That week was a long, hard week. We already had plans to leave the night of the decision to head out to Spain for a conference, and were going to be gone for two weeks. But we weren’t sure if we were going to be allowed back into the country. What was going to happen? Would Senegal still be at peace? We didn’t know. And so we acted as if we weren’t going to be able to come back. We acted more boldly sharing with friends clearly, unashamedly the gospel over and over again.We said temporary goodbyes hoping that it would be only two weeks, knowing it could be longer.

The night of the decision was tense. Aaron, my team leader, made sure that we had all of our bags by the door and ready to go as soon as the announcement was made. We had to be dressed and ready the whole day.
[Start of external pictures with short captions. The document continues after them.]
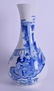 A 17TH/18TH CENTURY CHINESE BLUE AND WHITE PORCELAIN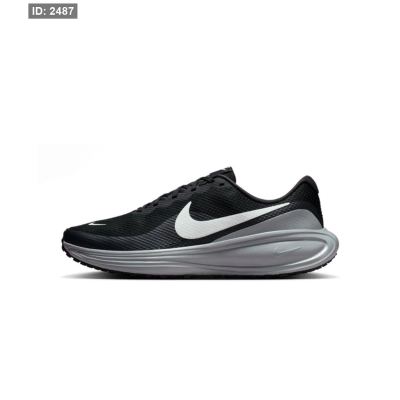 Nike Revolution 8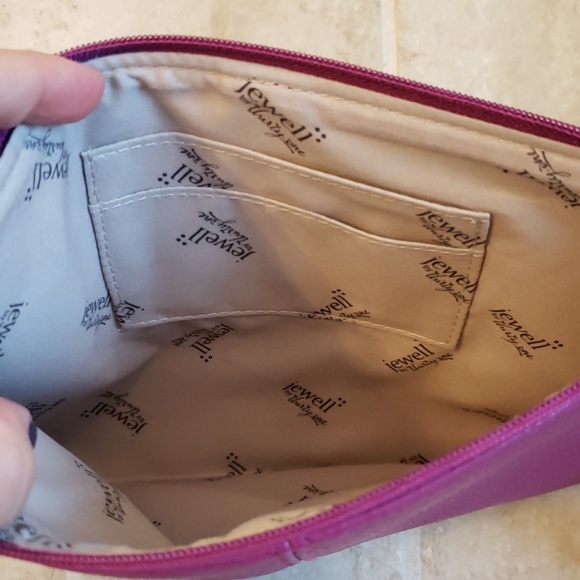 Thirty-One Jewell wristlet - Picture 3 of 4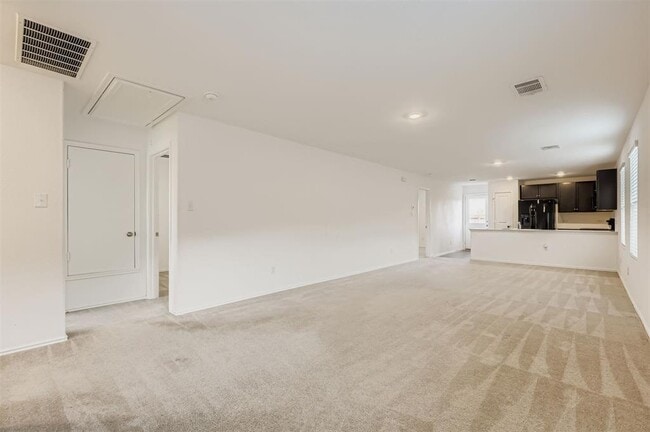 133 Texas Angel Wy in Jarrell, TX - Building Photo - Building Photo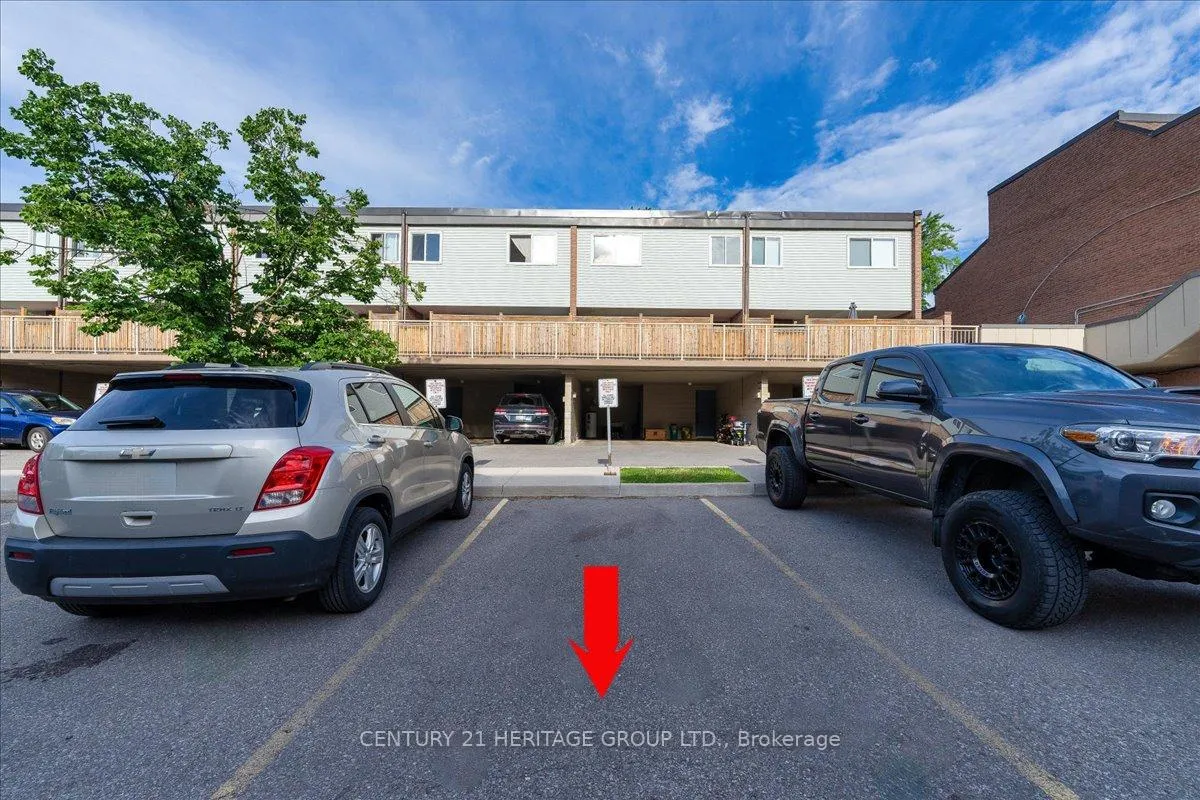 Photo 19 of 238 Milestone Crescent, Aurora, Aurora Village — HOMEH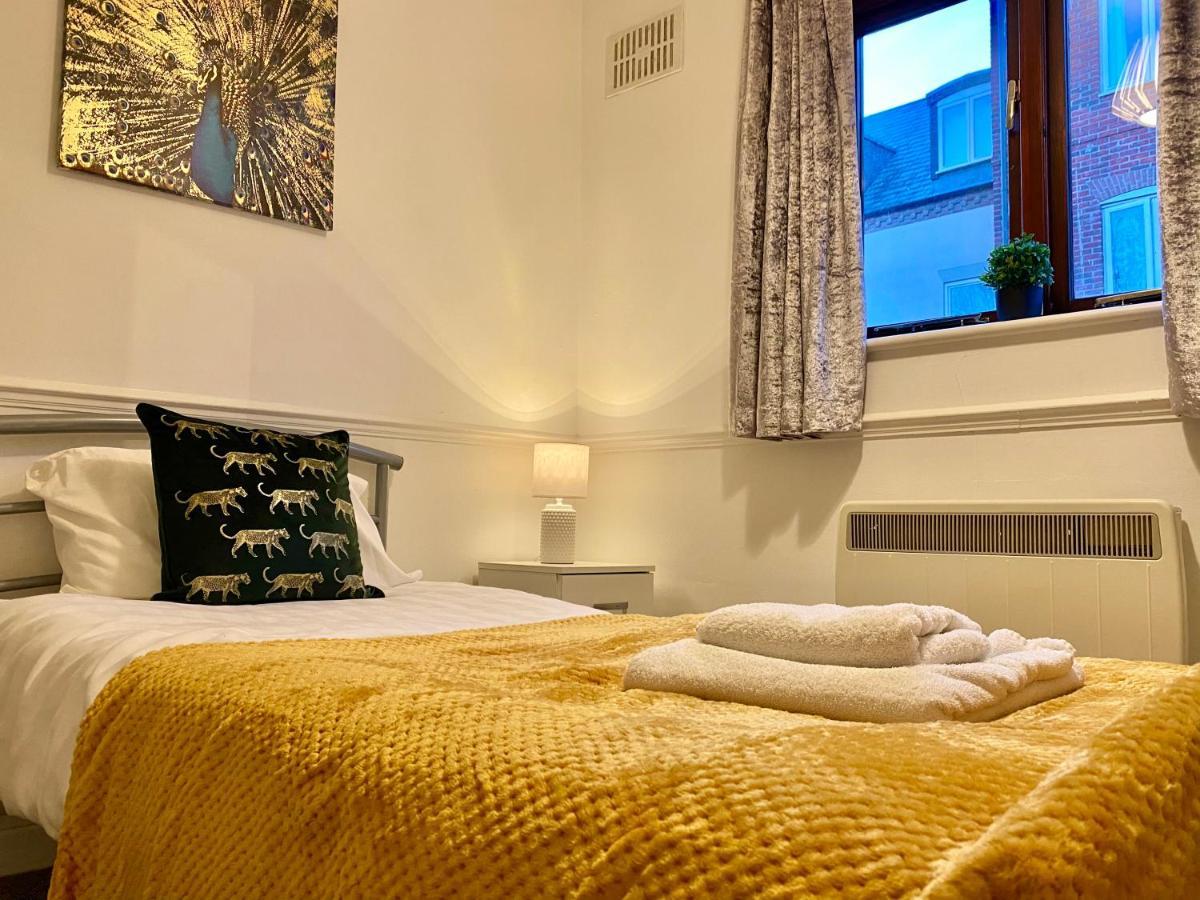 Easyrest Spalding - 4 Beds & Free Parking - Central & Modern Open Plan Apartment - Convenient Location Esterno foto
So we just waited, and waited to see what the answer was.

And then, we heard. “Wade is able to run again…” I hear Aaron yell from upstairs, “Get your bags! We have to go! NOW!” And within two minutes, we all raced down the stairs, got into two taxis, told the driver to avoid the route that we knew people had planned to protest at (which of course he took that route…) and made it to the airport.
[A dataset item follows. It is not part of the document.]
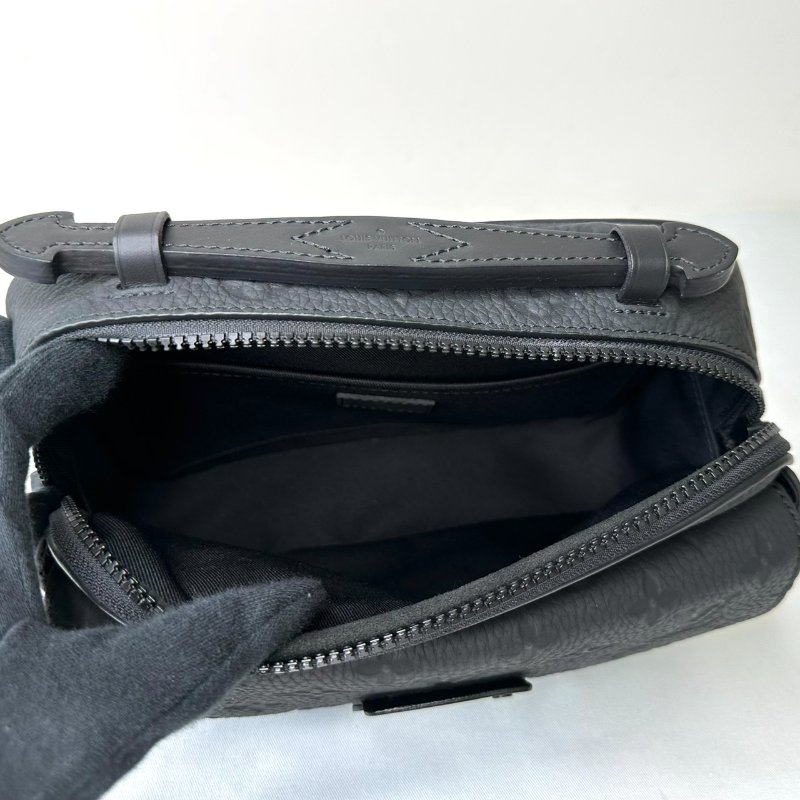 LV 全新S Lock牛皮壓花郵差包-7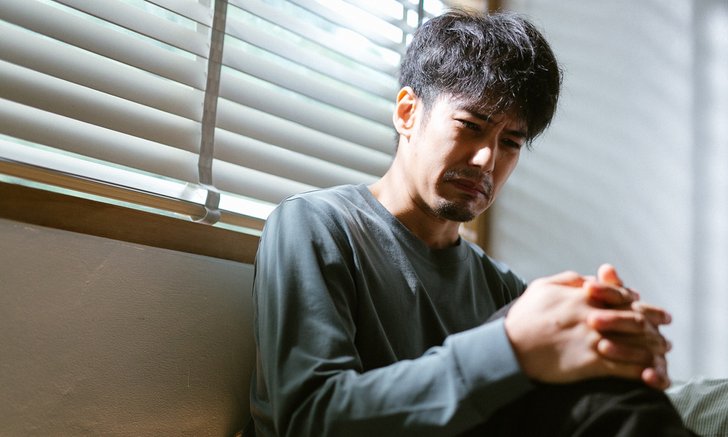 ร้องเอง เล่นเอง! เอย ธนพรรษ์ ตีบทแตกในเอ็มวีเพลงใหม่ "เวลาจะช่วยเยียวยา”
When we arrived and made it into the airport we had like 7 hours until our flight. We all kind of sat there a little shell shocked, a little excited for Europe, concerned for Senegal, questioning what our futures looked like and just awkward.

As soon as we landed in Spain, we were all so heart-shaped-emoji-eyes at the idea of American food in the airport. And then we remembered: STARBUCKS. It’s kind of crap coffee. But it’s so American. And comfortable. And I needed familiar. So I dove in. This was my first cup, but I’m pretty sure I had like two more that day. And so much Burger King, which I haven’t eaten in America since I was 15. Senegal has no chain restaurants, so American food there is about as American as take-out Chinese is actually Chinese.

After we arrived at the conference and checked into our hotel rooms, I turned on CNN. And headlining, “Mass Political Riots in Senegal…” Okay. Cool. Pretty sure I need to let the family know that I’m in Spain and not Senegal, and that I’m okay. I think I may have called home at that time, or sent a text. I can’t remember.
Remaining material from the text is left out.